Magnificate con me il Signore,
esaltiamo insieme il suo nome.
Ho cercato il Signore: mi ha risposto
e da ogni mia paura mi ha liberato. R.
Guardate a lui e sarete raggianti,
i vostri volti non dovranno arrossire.
Questo povero grida e il Signore lo ascolta,
lo salva da tutte le sue angosce. R.
Gli occhi del Signore sui giusti,
i suoi orecchi al loro grido di aiuto.
Il volto del Signore contro i malfattori,
per eliminarne dalla terra il ricordo. R.
Gridano i giusti e il Signore li ascolta,
li libera da tutte le loro angosce.
Il Signore è vicino a chi ha il cuore spezzato,
egli salva gli spiriti affranti. R.
Vangelo
Mt 6,7-15
7Pregando, non sprecate parole come i pagani: essi credono di venire ascoltati a forza di parole. 8Non siate dunque come loro, perché il Padre vostro sa di quali cose avete bisogno prima ancora che gliele chiediate. 9Voi dunque pregate così: Padre nostro che sei nei cieli, sia santificato il tuo nome, 10venga il tuo regno, sia fatta la tua volontà, come in cielo così in terra. 11Dacci oggi il nostro pane quotidiano, 12e rimetti a noi i nostri debiti come anche noi li rimettiamo ai nostri debitori, 13e non abbandonarci alla tentazione, ma liberaci dal male. 14Se voi infatti perdonerete agli altri le loro colpe, il Padre vostro che è nei cieli perdonerà anche a voi; 15ma se voi non perdonerete agli altri, neppure il Padre vostro perdonerà le vostre colpe.
Non sprecare
La parola che esce dal cuore del Signore è sempre «viva, efficace» (Eb 4,12). Questa forza così peculiare deriva dal fatto che quando Dio parla non esiste alcuna frattura tra ciò che egli dice e ciò che egli è disposto a fare, perché la gioia del desiderio possa conoscere anche il gusto buono e bello della realizzazione. In altre parole, potremmo dire che le parole di Dio sono sicuramente fruttuose perché comunicano promesse autentiche, annunciano “fatti” che possono essere considerati realizzati in anticipo:
«…così sarà della mia parola uscita dalla mia bocca: non ritornerà a me senza effetto, senza aver compiuto ciò per cui l’ho mandata» (Is 50,11).

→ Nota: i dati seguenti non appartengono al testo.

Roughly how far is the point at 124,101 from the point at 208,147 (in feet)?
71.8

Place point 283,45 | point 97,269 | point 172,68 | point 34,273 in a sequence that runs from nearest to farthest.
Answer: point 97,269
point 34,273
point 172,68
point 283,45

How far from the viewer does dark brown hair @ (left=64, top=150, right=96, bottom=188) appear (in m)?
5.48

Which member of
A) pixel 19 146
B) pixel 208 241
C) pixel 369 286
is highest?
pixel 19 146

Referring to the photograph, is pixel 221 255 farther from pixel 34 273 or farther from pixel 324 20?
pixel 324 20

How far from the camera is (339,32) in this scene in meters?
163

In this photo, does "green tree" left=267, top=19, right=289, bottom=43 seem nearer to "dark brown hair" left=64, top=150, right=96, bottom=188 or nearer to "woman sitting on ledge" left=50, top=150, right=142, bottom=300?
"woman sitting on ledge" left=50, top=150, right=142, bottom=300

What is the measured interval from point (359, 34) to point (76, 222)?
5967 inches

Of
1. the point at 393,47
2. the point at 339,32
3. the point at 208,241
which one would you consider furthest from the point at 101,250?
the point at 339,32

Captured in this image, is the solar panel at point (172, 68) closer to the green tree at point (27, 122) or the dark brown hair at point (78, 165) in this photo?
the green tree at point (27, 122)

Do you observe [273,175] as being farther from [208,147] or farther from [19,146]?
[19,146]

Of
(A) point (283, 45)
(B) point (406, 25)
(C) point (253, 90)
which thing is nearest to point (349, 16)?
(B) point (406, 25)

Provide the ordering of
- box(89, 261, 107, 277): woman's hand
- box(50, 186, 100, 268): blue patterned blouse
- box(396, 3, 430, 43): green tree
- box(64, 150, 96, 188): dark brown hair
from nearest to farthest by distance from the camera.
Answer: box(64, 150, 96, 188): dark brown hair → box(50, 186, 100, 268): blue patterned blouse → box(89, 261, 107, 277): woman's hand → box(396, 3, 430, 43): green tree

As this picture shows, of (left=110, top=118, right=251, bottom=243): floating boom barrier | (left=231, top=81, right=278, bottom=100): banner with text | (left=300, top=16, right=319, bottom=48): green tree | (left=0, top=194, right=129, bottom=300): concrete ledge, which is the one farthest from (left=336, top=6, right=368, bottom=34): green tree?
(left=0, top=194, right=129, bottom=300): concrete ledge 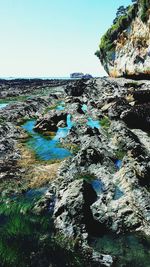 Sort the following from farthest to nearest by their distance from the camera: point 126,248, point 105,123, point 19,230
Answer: point 105,123, point 19,230, point 126,248

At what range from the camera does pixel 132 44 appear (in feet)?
297

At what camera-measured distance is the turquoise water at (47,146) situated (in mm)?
34625

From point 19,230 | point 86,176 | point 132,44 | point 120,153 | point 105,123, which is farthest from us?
point 132,44

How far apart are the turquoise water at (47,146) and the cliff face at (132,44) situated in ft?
131

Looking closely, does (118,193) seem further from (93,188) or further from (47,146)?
(47,146)

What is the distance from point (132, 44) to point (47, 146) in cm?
6180

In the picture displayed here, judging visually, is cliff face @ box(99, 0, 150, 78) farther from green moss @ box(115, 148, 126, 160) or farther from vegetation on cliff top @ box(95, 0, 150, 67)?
green moss @ box(115, 148, 126, 160)

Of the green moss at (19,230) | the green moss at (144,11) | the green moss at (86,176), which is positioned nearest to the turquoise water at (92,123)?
the green moss at (86,176)

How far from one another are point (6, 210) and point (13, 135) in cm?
2327

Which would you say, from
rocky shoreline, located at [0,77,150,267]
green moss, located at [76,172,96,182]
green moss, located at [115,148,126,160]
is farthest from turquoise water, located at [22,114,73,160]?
green moss, located at [76,172,96,182]

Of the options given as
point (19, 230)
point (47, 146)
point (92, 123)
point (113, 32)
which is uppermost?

Il profeta Isaia ricorre all’immagine di alcuni fenomeni naturali assai comuni per confermare questa straordinaria intuizione circa la forza invincibile della comunicazione esistente tra il cielo e la terra: «Come la pioggia e la neve scendono dal cielo e non vi ritornano senza aver irrigato la terra, senza averla fecondata e fatta germogliare, perché dia il seme a chi semina e il pane a chi mangia» (50,10). La difficoltà che abbiamo ad accogliere la potenza di questa immagine — senza entrare nel labirinto di perniciosi ragionamenti — è tutta radicata nella nostra abitudine a dire e poi non fare, a promettere senza poi essere capaci di mantenere, a sedurre senza aver già maturato un reale desiderio di bene nei confronti dell’altro. Per questo dalla nostra bocca riescono a uscire parole “vane”, segnali linguistici privi di autentica forza, promesse sterili che non generano alcun futuro.

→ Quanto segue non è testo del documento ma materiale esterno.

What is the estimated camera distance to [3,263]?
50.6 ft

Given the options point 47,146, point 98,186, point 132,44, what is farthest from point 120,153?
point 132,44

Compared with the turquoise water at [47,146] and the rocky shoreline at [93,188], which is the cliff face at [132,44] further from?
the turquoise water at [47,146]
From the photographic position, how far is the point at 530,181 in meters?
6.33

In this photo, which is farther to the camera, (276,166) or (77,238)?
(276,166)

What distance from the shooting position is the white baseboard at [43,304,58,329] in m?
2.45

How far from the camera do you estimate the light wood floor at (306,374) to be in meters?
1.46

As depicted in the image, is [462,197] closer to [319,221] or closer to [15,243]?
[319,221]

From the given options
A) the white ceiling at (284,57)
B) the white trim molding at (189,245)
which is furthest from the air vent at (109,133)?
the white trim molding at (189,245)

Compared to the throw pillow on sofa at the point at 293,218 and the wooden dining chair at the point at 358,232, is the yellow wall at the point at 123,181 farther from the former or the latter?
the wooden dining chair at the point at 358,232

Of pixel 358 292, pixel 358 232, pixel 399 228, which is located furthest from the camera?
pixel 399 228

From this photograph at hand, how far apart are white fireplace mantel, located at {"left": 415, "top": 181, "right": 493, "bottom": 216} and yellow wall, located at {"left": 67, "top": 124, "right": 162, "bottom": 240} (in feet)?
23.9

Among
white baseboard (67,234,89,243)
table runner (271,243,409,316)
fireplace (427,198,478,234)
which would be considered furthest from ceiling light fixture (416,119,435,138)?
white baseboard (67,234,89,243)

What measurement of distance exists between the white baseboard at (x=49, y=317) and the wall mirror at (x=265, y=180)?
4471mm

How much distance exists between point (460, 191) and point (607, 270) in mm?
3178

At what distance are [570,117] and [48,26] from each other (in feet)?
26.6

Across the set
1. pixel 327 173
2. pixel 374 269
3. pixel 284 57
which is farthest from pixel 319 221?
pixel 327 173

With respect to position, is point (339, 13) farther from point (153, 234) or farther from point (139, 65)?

Il vangelo prescrive una precisa cura a questa cattiva abitudine che ammettiamo nel modo con cui ci relazioniamo agli altri. Si tratta di cominciare, anzitutto, a risparmiare parole, riducendo quello spreco di suoni che spesso crea solo confusione nei rapporti e introduce dolorose illusioni nell’animo di chi ascolta. In realtà, il primo rapporto che necessita una certa rarefazione di parole è proprio quello con il Padre del Signore nostro Gesù Cristo:
«Pregando, non sprecate parole come i pagani: essi credono di venire ascoltati a forza di parole. Non siate dunque come loro, perché il Padre vostro sa di quali cose avete bisogno prima ancora che gliele chiediate» (Mt 6,7-8).
Purificare la preghiera dagli eccessi verbali è scuola di pazienza e di umiltà. Ci educa a credere che molta della felicità che andiamo cercando, in realtà, ci sta già aspettando da qualche (altra) parte. Se ne avvertiamo la mancanza non è perché Dio sia assente o distratto, ma solo perché le nostre vie sono ancora abbastanza lontane da quelle della verità e della giustizia.

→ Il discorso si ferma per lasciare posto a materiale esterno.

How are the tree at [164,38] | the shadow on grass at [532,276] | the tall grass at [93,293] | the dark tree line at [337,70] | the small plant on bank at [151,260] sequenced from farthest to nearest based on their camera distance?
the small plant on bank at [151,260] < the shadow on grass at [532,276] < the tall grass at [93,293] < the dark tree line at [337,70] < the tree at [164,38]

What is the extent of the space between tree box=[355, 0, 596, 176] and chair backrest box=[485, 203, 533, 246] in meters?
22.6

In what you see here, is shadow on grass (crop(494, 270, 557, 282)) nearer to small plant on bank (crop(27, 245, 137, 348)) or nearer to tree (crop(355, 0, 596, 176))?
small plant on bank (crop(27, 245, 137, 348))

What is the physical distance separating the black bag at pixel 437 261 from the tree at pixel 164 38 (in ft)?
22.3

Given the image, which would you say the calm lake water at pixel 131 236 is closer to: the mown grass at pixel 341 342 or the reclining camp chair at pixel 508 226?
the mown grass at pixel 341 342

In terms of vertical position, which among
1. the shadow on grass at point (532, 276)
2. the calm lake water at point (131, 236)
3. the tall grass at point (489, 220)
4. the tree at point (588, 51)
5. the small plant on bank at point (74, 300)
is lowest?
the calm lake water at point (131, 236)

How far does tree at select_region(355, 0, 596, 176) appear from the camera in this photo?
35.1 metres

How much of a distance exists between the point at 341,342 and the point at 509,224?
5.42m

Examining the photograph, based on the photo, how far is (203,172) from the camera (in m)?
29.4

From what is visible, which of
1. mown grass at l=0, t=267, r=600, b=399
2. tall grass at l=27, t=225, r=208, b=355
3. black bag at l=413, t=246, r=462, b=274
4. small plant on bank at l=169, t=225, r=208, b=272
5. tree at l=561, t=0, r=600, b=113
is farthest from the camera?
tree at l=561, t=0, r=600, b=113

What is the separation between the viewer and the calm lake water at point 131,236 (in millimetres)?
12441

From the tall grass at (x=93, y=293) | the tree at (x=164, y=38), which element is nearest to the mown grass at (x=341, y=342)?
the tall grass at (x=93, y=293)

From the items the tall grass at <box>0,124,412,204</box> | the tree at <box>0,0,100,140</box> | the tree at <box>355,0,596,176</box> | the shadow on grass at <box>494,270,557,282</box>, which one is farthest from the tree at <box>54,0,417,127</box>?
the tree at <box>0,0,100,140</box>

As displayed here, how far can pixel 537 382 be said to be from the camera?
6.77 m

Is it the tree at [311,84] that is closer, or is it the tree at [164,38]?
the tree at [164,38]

Rivolgerci al Padre con poche, asciutte parole non significa raffreddare il nostro rapporto filiale con la sua bontà paterna, ma semplicemente imparare a rimanere umilmente di fronte al mistero della sua volontà, nell’attesa che diventi presto anche la nostra. Significa dimorare nella fiducia che i nostri desideri verranno ascoltati non a forza di parole, ma con parole — e silenzi — forti di speranza. Le parole sobrie, sincere, cordiali, che un figlio deve sempre essere — e sentirsi — libero di rivolgere al suo “babbo”, nella fiducia che verrà sempre in qualche modo ascoltato ed esaudito. Naturalmente questa estrema libertà comporta anche il divieto di domandare quello che non siamo disposti a dare noi stessi agli altri, figli dello stesso Padre e dunque nostri fratelli e sorelle:
«Se voi infatti perdonerete agli altri le loro colpe, il Padre vostro che è nei cieli perdonerà anche a voi; ma se voi non perdonerete agli altri, neppure il Padre vostro perdonerà le vostre colpe» (Mt 6,14-15).